▶ BRIEF: A precise copy of the data is required, with every picture left out.

▶ RECORDED DATA:
_ _ _ _

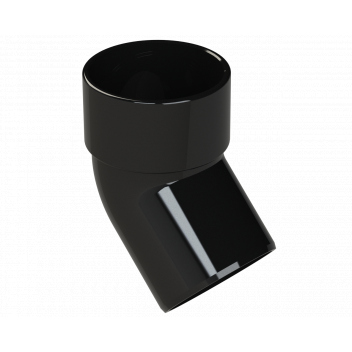 S/WELD SPIGOT BEND 45DEG; 40MM BLACK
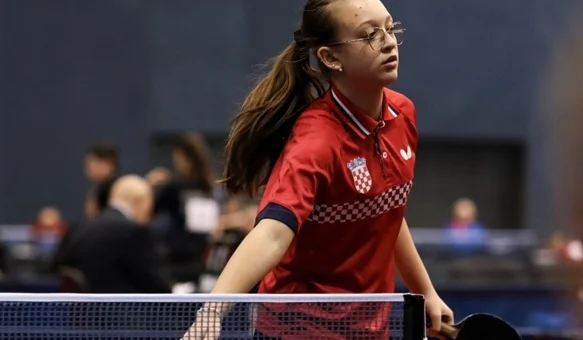 Mlada stolnotenisačica Tena Špoljarić nastupila je za reprezentaciju Hrvatske
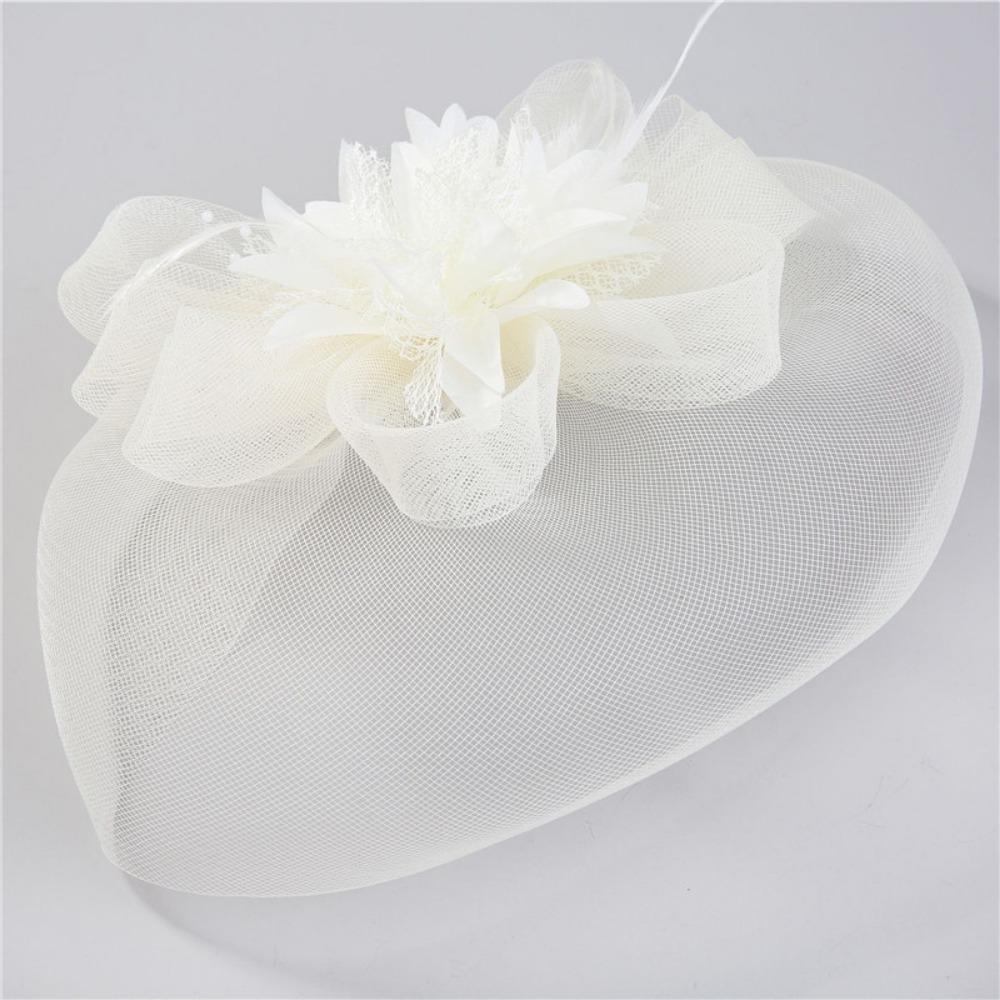 Women Mesh Yarn Headdress Bridal Headwear Hair Pins Hat Hairpin Fascinator Hairpin
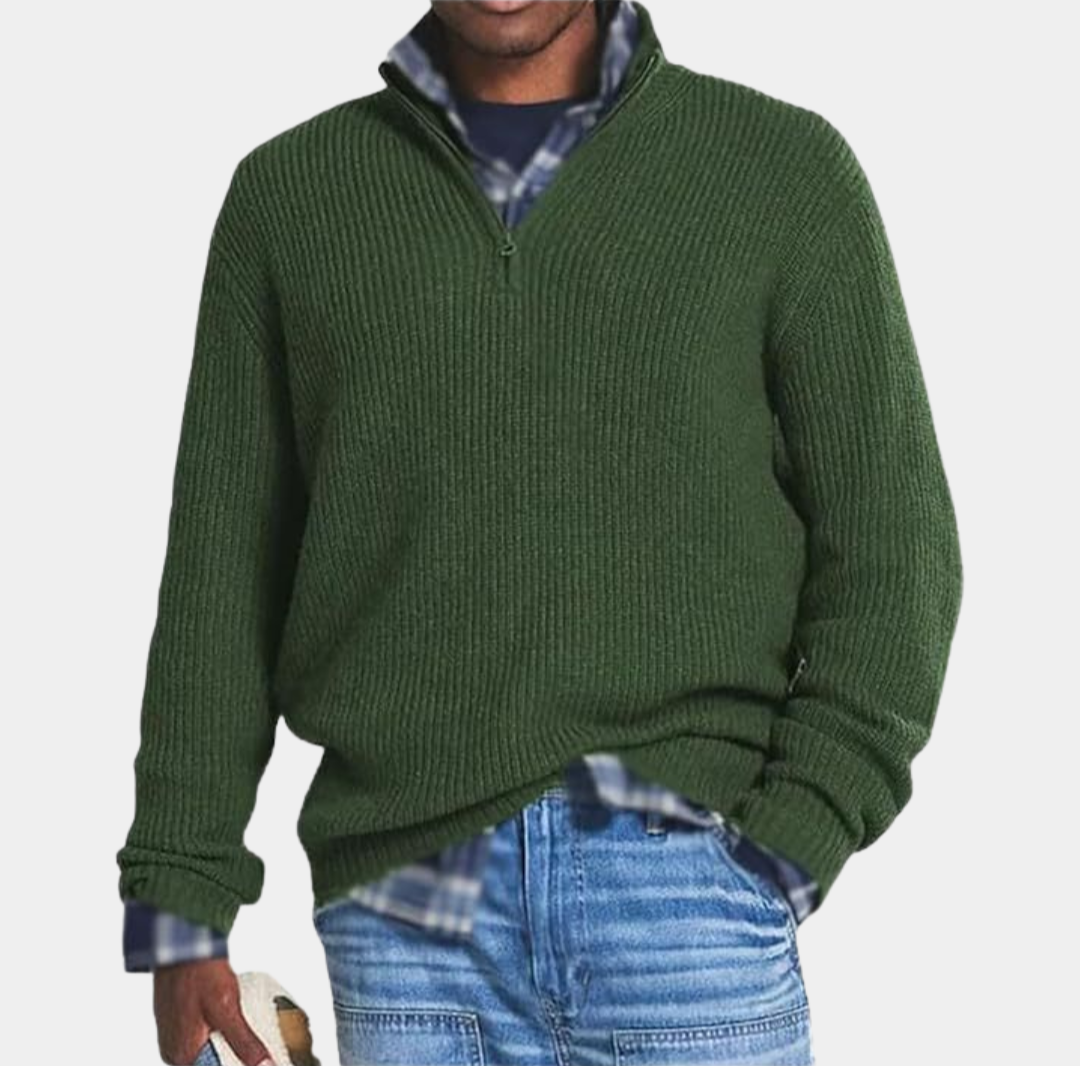 Everford™ | Edward – Half-Zip Jumper for Men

_ _ _ _

▶ WRITTEN SOLUTION:
 S/WELD SPIGOT BEND 45DEG; 40MM BLACK
 Mlada stolnotenisačica Tena Špoljarić nastupila je za reprezentaciju Hrvatske
 Women Mesh Yarn Headdress Bridal Headwear Hair Pins Hat Hairpin Fascinator Hairpin
 Everford™ | Edward – Half-Zip Jumper for Men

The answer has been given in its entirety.